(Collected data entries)
=== Section Start ===

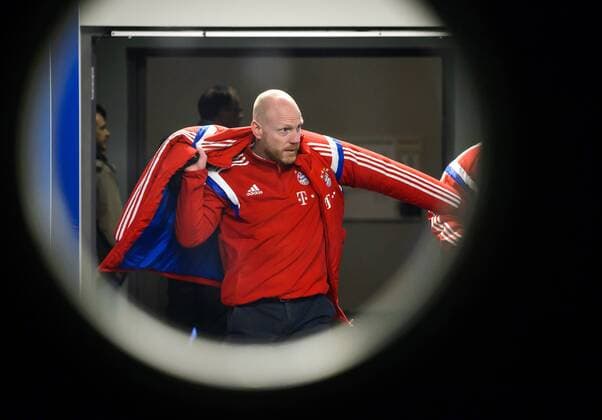 29. November 2014: Berlin, Olympiastadion: Fussball 1. Bundesliga, 13. Spieltag: Hertha BSC - FC Bayern Muenchen: Muenchens Sportdirektor Matthias Sammer wartet in den Katakomben auf den Anpfiff.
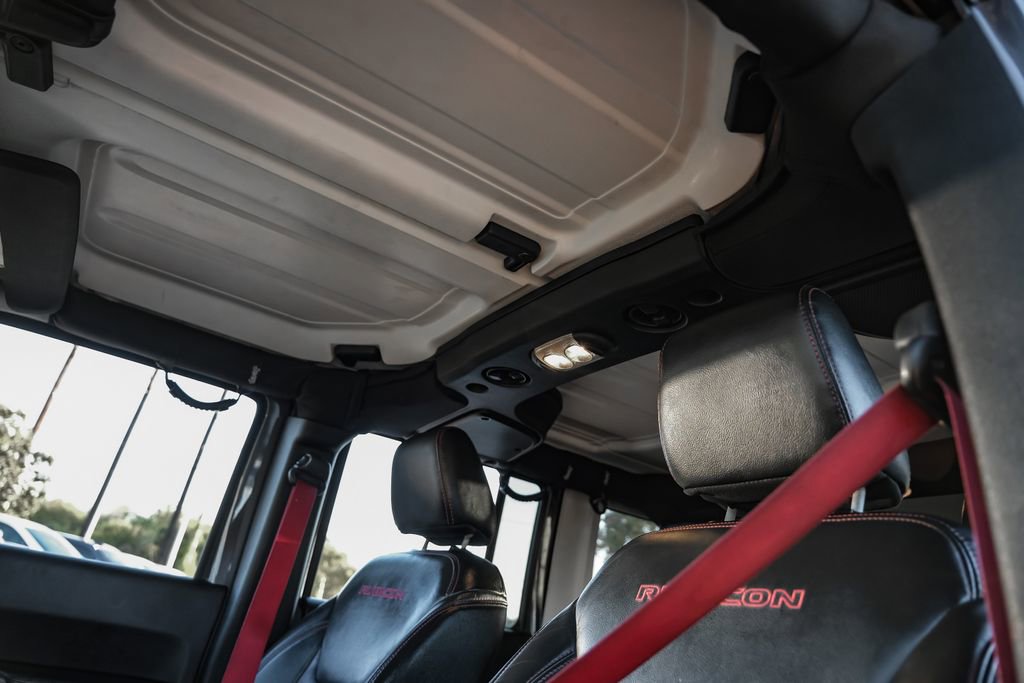 Used 2017 Jeep Wrangler Unlimited Rubicon image 18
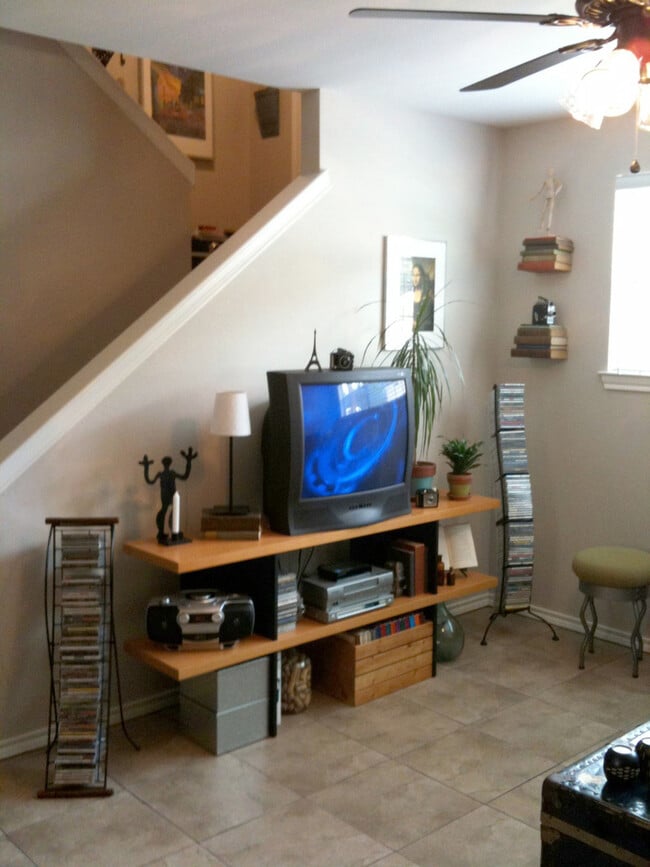 Building Photo - 2 Bedroom Town house for Rent in Lindale!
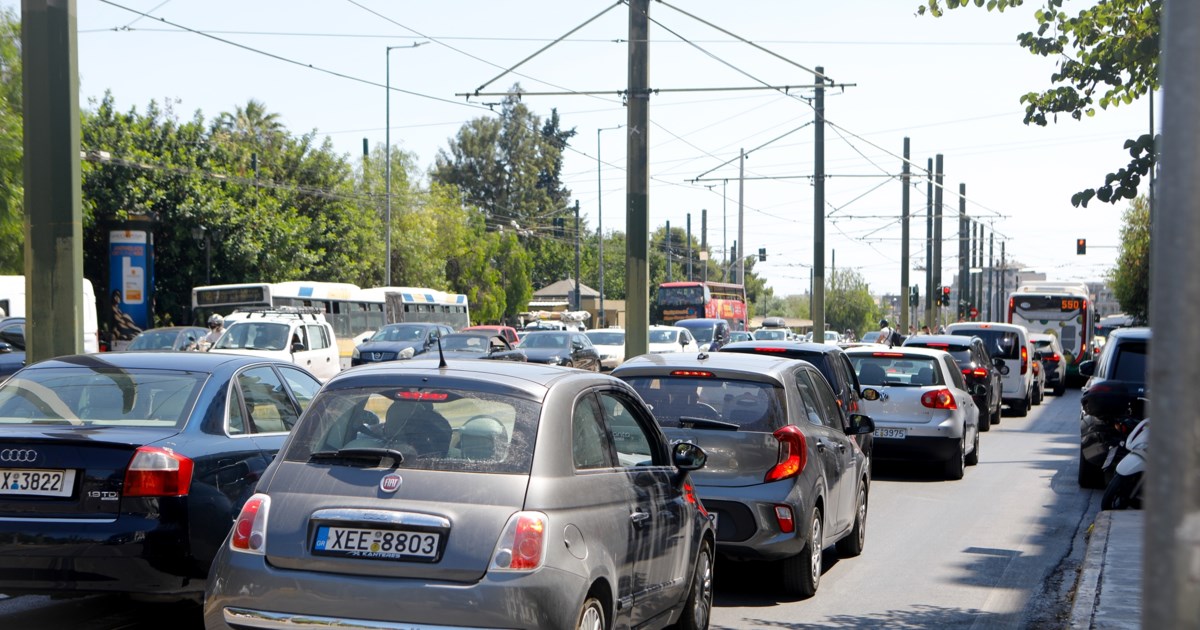 EKO Ράλλυ Αρόπολις 2025: Εντυπωσιακές εικόνες στο κέντρο της Αθήνας - Γιατί ακυρώθηκε η τελετή εκκίνησης - εικόνα 11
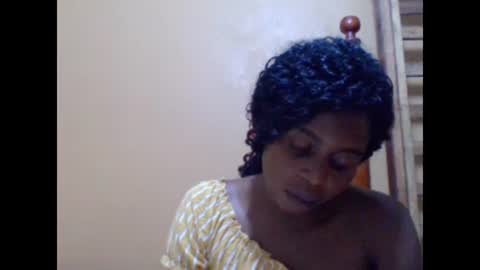 Snapshot of sweetib1 chatting on 01.12.25 sweetib1 online show from 01.12.25
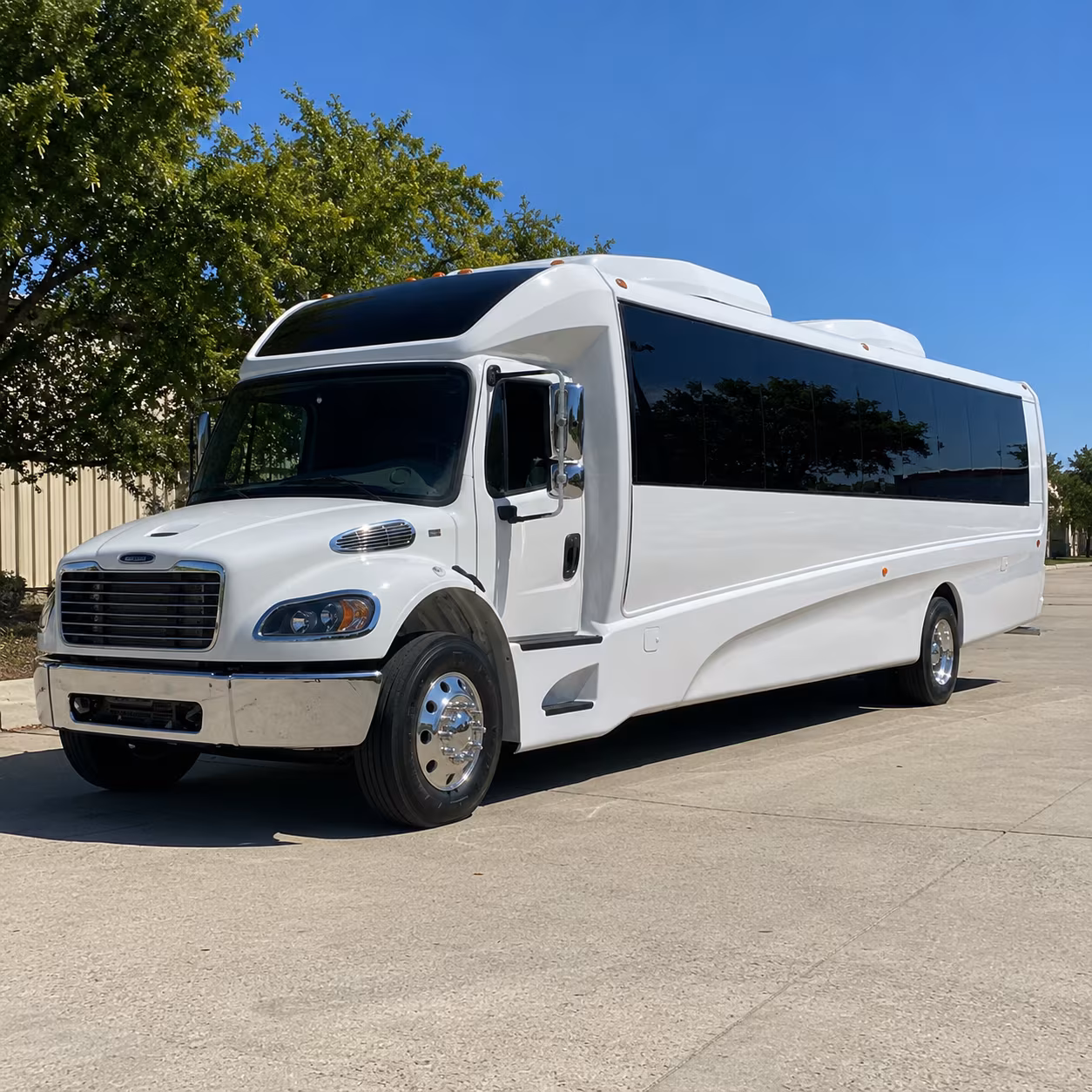 deltona 25 passenger minibus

=== Section End ===

§ **TASK STATEMENT**: Once the pictures are set aside, what is needed is the lines from the line with "Snapshot of sweetib1" through the end of the data, written out exactly and alone.

§ **ANSWER FOR THE TASK**:
 Snapshot of sweetib1 chatting on 01.12.25 sweetib1 online show from 01.12.25
 deltona 25 passenger minibus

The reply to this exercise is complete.